- _Task statement_
You are asked to write out the entries exactly as they are given.

- _Provided entries_
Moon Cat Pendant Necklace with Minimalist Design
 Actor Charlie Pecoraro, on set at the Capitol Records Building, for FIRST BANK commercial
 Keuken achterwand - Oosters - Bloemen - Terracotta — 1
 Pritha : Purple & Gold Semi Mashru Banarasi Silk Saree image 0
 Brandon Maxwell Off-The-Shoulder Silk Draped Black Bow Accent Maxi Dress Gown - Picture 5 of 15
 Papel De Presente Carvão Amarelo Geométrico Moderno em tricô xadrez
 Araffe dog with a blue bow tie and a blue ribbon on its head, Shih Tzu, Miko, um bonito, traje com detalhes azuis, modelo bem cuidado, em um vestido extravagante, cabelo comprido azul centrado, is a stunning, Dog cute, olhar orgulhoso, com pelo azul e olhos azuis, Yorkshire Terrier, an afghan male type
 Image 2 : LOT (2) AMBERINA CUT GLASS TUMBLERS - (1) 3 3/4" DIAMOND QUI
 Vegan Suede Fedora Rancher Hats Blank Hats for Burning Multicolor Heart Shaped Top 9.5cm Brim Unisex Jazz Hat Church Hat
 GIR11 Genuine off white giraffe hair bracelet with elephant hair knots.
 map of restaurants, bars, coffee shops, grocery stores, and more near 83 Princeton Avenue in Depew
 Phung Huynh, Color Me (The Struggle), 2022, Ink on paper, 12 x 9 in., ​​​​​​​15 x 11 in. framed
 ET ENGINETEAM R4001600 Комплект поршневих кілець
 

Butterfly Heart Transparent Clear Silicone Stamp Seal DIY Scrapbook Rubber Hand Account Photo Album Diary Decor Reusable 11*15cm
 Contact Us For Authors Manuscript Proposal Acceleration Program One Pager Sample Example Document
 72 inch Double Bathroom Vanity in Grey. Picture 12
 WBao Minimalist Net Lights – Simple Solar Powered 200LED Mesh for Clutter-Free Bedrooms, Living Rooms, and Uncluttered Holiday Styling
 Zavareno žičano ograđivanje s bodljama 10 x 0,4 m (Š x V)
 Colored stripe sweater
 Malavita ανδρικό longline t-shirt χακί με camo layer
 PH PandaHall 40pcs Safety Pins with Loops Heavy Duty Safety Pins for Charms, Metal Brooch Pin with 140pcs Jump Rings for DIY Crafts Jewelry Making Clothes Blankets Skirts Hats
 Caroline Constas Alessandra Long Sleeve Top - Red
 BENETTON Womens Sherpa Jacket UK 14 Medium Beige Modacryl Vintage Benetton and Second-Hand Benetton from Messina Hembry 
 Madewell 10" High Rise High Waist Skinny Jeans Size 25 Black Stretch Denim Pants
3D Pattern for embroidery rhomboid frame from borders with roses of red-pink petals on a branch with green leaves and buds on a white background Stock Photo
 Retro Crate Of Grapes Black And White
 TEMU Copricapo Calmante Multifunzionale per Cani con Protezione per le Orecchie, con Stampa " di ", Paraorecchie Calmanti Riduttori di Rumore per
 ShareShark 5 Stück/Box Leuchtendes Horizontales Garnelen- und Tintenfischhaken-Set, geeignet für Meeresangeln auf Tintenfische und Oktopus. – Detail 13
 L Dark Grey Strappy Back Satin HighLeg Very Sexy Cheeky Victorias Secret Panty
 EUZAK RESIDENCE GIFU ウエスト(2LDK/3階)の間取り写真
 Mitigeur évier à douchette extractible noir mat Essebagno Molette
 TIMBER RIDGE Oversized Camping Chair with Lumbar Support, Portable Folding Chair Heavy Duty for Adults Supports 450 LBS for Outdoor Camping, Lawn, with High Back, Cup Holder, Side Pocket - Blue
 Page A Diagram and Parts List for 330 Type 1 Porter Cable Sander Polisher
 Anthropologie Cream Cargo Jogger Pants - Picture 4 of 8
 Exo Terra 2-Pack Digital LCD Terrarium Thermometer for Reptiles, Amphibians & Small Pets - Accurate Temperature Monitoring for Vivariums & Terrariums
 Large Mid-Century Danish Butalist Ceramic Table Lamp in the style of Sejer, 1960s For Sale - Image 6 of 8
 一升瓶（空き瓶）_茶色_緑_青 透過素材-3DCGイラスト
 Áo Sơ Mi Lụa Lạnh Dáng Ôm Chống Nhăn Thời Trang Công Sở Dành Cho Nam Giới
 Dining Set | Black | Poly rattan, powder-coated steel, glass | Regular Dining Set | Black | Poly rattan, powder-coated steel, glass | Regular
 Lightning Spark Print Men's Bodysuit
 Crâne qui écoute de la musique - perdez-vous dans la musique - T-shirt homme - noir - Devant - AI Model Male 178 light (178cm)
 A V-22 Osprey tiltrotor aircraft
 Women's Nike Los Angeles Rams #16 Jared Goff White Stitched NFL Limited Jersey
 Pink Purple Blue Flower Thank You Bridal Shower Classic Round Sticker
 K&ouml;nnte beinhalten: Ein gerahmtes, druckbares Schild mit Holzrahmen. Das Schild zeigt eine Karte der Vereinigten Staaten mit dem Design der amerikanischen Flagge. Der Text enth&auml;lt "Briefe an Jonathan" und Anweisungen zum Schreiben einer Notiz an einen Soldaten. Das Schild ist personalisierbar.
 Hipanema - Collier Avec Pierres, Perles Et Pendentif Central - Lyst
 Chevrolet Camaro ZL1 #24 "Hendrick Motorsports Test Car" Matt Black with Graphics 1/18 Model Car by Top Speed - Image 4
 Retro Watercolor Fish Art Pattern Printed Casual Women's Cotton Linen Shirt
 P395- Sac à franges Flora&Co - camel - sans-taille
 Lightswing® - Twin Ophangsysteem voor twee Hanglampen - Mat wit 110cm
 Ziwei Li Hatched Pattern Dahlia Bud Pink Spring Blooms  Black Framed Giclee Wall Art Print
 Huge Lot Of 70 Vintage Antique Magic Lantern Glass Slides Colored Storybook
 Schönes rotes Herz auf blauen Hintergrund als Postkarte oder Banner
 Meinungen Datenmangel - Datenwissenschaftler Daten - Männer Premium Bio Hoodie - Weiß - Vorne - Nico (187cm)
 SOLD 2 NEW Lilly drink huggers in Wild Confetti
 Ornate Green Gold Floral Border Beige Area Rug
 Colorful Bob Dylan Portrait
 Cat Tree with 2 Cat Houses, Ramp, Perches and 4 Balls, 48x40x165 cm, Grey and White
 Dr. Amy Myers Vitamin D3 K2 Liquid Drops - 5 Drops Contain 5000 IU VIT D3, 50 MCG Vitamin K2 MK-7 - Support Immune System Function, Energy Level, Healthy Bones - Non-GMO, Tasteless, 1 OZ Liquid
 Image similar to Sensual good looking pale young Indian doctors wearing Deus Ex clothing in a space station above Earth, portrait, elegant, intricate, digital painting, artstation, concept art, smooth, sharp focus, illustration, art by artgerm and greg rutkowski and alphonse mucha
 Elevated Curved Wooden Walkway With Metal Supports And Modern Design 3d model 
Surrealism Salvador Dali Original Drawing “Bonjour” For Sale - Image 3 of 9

- _Written response_
Moon Cat Pendant Necklace with Minimalist Design
 Actor Charlie Pecoraro, on set at the Capitol Records Building, for FIRST BANK commercial
 Keuken achterwand - Oosters - Bloemen - Terracotta — 1
 Pritha : Purple & Gold Semi Mashru Banarasi Silk Saree image 0
 Brandon Maxwell Off-The-Shoulder Silk Draped Black Bow Accent Maxi Dress Gown - Picture 5 of 15
 Papel De Presente Carvão Amarelo Geométrico Moderno em tricô xadrez
 Araffe dog with a blue bow tie and a blue ribbon on its head, Shih Tzu, Miko, um bonito, traje com detalhes azuis, modelo bem cuidado, em um vestido extravagante, cabelo comprido azul centrado, is a stunning, Dog cute, olhar orgulhoso, com pelo azul e olhos azuis, Yorkshire Terrier, an afghan male type
 Image 2 : LOT (2) AMBERINA CUT GLASS TUMBLERS - (1) 3 3/4" DIAMOND QUI
 Vegan Suede Fedora Rancher Hats Blank Hats for Burning Multicolor Heart Shaped Top 9.5cm Brim Unisex Jazz Hat Church Hat
 GIR11 Genuine off white giraffe hair bracelet with elephant hair knots.
 map of restaurants, bars, coffee shops, grocery stores, and more near 83 Princeton Avenue in Depew
 Phung Huynh, Color Me (The Struggle), 2022, Ink on paper, 12 x 9 in., ​​​​​​​15 x 11 in. framed
 ET ENGINETEAM R4001600 Комплект поршневих кілець
 

Butterfly Heart Transparent Clear Silicone Stamp Seal DIY Scrapbook Rubber Hand Account Photo Album Diary Decor Reusable 11*15cm
 Contact Us For Authors Manuscript Proposal Acceleration Program One Pager Sample Example Document
 72 inch Double Bathroom Vanity in Grey. Picture 12
 WBao Minimalist Net Lights – Simple Solar Powered 200LED Mesh for Clutter-Free Bedrooms, Living Rooms, and Uncluttered Holiday Styling
 Zavareno žičano ograđivanje s bodljama 10 x 0,4 m (Š x V)
 Colored stripe sweater
 Malavita ανδρικό longline t-shirt χακί με camo layer
 PH PandaHall 40pcs Safety Pins with Loops Heavy Duty Safety Pins for Charms, Metal Brooch Pin with 140pcs Jump Rings for DIY Crafts Jewelry Making Clothes Blankets Skirts Hats
 Caroline Constas Alessandra Long Sleeve Top - Red
 BENETTON Womens Sherpa Jacket UK 14 Medium Beige Modacryl Vintage Benetton and Second-Hand Benetton from Messina Hembry 
 Madewell 10" High Rise High Waist Skinny Jeans Size 25 Black Stretch Denim Pants
3D Pattern for embroidery rhomboid frame from borders with roses of red-pink petals on a branch with green leaves and buds on a white background Stock Photo
 Retro Crate Of Grapes Black And White
 TEMU Copricapo Calmante Multifunzionale per Cani con Protezione per le Orecchie, con Stampa " di ", Paraorecchie Calmanti Riduttori di Rumore per
 ShareShark 5 Stück/Box Leuchtendes Horizontales Garnelen- und Tintenfischhaken-Set, geeignet für Meeresangeln auf Tintenfische und Oktopus. – Detail 13
 L Dark Grey Strappy Back Satin HighLeg Very Sexy Cheeky Victorias Secret Panty
 EUZAK RESIDENCE GIFU ウエスト(2LDK/3階)の間取り写真
 Mitigeur évier à douchette extractible noir mat Essebagno Molette
 TIMBER RIDGE Oversized Camping Chair with Lumbar Support, Portable Folding Chair Heavy Duty for Adults Supports 450 LBS for Outdoor Camping, Lawn, with High Back, Cup Holder, Side Pocket - Blue
 Page A Diagram and Parts List for 330 Type 1 Porter Cable Sander Polisher
 Anthropologie Cream Cargo Jogger Pants - Picture 4 of 8
 Exo Terra 2-Pack Digital LCD Terrarium Thermometer for Reptiles, Amphibians & Small Pets - Accurate Temperature Monitoring for Vivariums & Terrariums
 Large Mid-Century Danish Butalist Ceramic Table Lamp in the style of Sejer, 1960s For Sale - Image 6 of 8
 一升瓶（空き瓶）_茶色_緑_青 透過素材-3DCGイラスト
 Áo Sơ Mi Lụa Lạnh Dáng Ôm Chống Nhăn Thời Trang Công Sở Dành Cho Nam Giới
 Dining Set | Black | Poly rattan, powder-coated steel, glass | Regular Dining Set | Black | Poly rattan, powder-coated steel, glass | Regular
 Lightning Spark Print Men's Bodysuit
 Crâne qui écoute de la musique - perdez-vous dans la musique - T-shirt homme - noir - Devant - AI Model Male 178 light (178cm)
 A V-22 Osprey tiltrotor aircraft
 Women's Nike Los Angeles Rams #16 Jared Goff White Stitched NFL Limited Jersey
 Pink Purple Blue Flower Thank You Bridal Shower Classic Round Sticker
 K&ouml;nnte beinhalten: Ein gerahmtes, druckbares Schild mit Holzrahmen. Das Schild zeigt eine Karte der Vereinigten Staaten mit dem Design der amerikanischen Flagge. Der Text enth&auml;lt "Briefe an Jonathan" und Anweisungen zum Schreiben einer Notiz an einen Soldaten. Das Schild ist personalisierbar.
 Hipanema - Collier Avec Pierres, Perles Et Pendentif Central - Lyst
 Chevrolet Camaro ZL1 #24 "Hendrick Motorsports Test Car" Matt Black with Graphics 1/18 Model Car by Top Speed - Image 4
 Retro Watercolor Fish Art Pattern Printed Casual Women's Cotton Linen Shirt
 P395- Sac à franges Flora&Co - camel - sans-taille
 Lightswing® - Twin Ophangsysteem voor twee Hanglampen - Mat wit 110cm
 Ziwei Li Hatched Pattern Dahlia Bud Pink Spring Blooms  Black Framed Giclee Wall Art Print
 Huge Lot Of 70 Vintage Antique Magic Lantern Glass Slides Colored Storybook
 Schönes rotes Herz auf blauen Hintergrund als Postkarte oder Banner
 Meinungen Datenmangel - Datenwissenschaftler Daten - Männer Premium Bio Hoodie - Weiß - Vorne - Nico (187cm)
 SOLD 2 NEW Lilly drink huggers in Wild Confetti
 Ornate Green Gold Floral Border Beige Area Rug
 Colorful Bob Dylan Portrait
 Cat Tree with 2 Cat Houses, Ramp, Perches and 4 Balls, 48x40x165 cm, Grey and White
 Dr. Amy Myers Vitamin D3 K2 Liquid Drops - 5 Drops Contain 5000 IU VIT D3, 50 MCG Vitamin K2 MK-7 - Support Immune System Function, Energy Level, Healthy Bones - Non-GMO, Tasteless, 1 OZ Liquid
 Image similar to Sensual good looking pale young Indian doctors wearing Deus Ex clothing in a space station above Earth, portrait, elegant, intricate, digital painting, artstation, concept art, smooth, sharp focus, illustration, art by artgerm and greg rutkowski and alphonse mucha
 Elevated Curved Wooden Walkway With Metal Supports And Modern Design 3d model 
Surrealism Salvador Dali Original Drawing “Bonjour” For Sale - Image 3 of 9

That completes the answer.